===== DATA PROVIDED =====

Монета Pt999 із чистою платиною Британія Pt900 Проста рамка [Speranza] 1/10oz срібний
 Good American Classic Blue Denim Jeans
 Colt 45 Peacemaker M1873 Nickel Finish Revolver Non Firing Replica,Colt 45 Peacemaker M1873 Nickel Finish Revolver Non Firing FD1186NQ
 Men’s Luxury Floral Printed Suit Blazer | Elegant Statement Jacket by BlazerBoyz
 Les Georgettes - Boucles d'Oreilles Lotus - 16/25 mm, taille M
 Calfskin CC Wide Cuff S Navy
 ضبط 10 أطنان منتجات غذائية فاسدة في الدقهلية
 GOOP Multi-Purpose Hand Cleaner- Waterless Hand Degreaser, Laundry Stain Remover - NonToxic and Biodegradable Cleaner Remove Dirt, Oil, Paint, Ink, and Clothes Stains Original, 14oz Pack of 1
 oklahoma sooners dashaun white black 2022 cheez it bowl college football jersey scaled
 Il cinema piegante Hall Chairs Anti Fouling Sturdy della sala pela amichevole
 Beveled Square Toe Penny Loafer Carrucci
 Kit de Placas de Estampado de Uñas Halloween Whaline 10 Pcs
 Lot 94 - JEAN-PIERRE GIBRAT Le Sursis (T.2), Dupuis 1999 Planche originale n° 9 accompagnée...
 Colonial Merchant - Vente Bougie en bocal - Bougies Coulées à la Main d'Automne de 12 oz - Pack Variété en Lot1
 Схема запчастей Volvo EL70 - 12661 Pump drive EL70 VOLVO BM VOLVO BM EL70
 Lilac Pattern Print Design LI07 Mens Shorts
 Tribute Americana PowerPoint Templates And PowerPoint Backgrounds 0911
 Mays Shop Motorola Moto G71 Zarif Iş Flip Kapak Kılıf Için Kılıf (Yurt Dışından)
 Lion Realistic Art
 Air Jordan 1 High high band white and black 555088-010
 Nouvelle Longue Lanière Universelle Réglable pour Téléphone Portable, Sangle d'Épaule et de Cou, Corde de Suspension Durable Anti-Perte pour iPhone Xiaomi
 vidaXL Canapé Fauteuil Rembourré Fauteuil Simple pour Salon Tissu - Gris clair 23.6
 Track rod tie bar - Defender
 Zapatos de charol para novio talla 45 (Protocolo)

=====

# ASSIGNED TASK
Reproduce the material exactly. Every line must match.

# ANSWER
Монета Pt999 із чистою платиною Британія Pt900 Проста рамка [Speranza] 1/10oz срібний
 Good American Classic Blue Denim Jeans
 Colt 45 Peacemaker M1873 Nickel Finish Revolver Non Firing Replica,Colt 45 Peacemaker M1873 Nickel Finish Revolver Non Firing FD1186NQ
 Men’s Luxury Floral Printed Suit Blazer | Elegant Statement Jacket by BlazerBoyz
 Les Georgettes - Boucles d'Oreilles Lotus - 16/25 mm, taille M
 Calfskin CC Wide Cuff S Navy
 ضبط 10 أطنان منتجات غذائية فاسدة في الدقهلية
 GOOP Multi-Purpose Hand Cleaner- Waterless Hand Degreaser, Laundry Stain Remover - NonToxic and Biodegradable Cleaner Remove Dirt, Oil, Paint, Ink, and Clothes Stains Original, 14oz Pack of 1
 oklahoma sooners dashaun white black 2022 cheez it bowl college football jersey scaled
 Il cinema piegante Hall Chairs Anti Fouling Sturdy della sala pela amichevole
 Beveled Square Toe Penny Loafer Carrucci
 Kit de Placas de Estampado de Uñas Halloween Whaline 10 Pcs
 Lot 94 - JEAN-PIERRE GIBRAT Le Sursis (T.2), Dupuis 1999 Planche originale n° 9 accompagnée...
 Colonial Merchant - Vente Bougie en bocal - Bougies Coulées à la Main d'Automne de 12 oz - Pack Variété en Lot1
 Схема запчастей Volvo EL70 - 12661 Pump drive EL70 VOLVO BM VOLVO BM EL70
 Lilac Pattern Print Design LI07 Mens Shorts
 Tribute Americana PowerPoint Templates And PowerPoint Backgrounds 0911
 Mays Shop Motorola Moto G71 Zarif Iş Flip Kapak Kılıf Için Kılıf (Yurt Dışından)
 Lion Realistic Art
 Air Jordan 1 High high band white and black 555088-010
 Nouvelle Longue Lanière Universelle Réglable pour Téléphone Portable, Sangle d'Épaule et de Cou, Corde de Suspension Durable Anti-Perte pour iPhone Xiaomi
 vidaXL Canapé Fauteuil Rembourré Fauteuil Simple pour Salon Tissu - Gris clair 23.6
 Track rod tie bar - Defender
 Zapatos de charol para novio talla 45 (Protocolo)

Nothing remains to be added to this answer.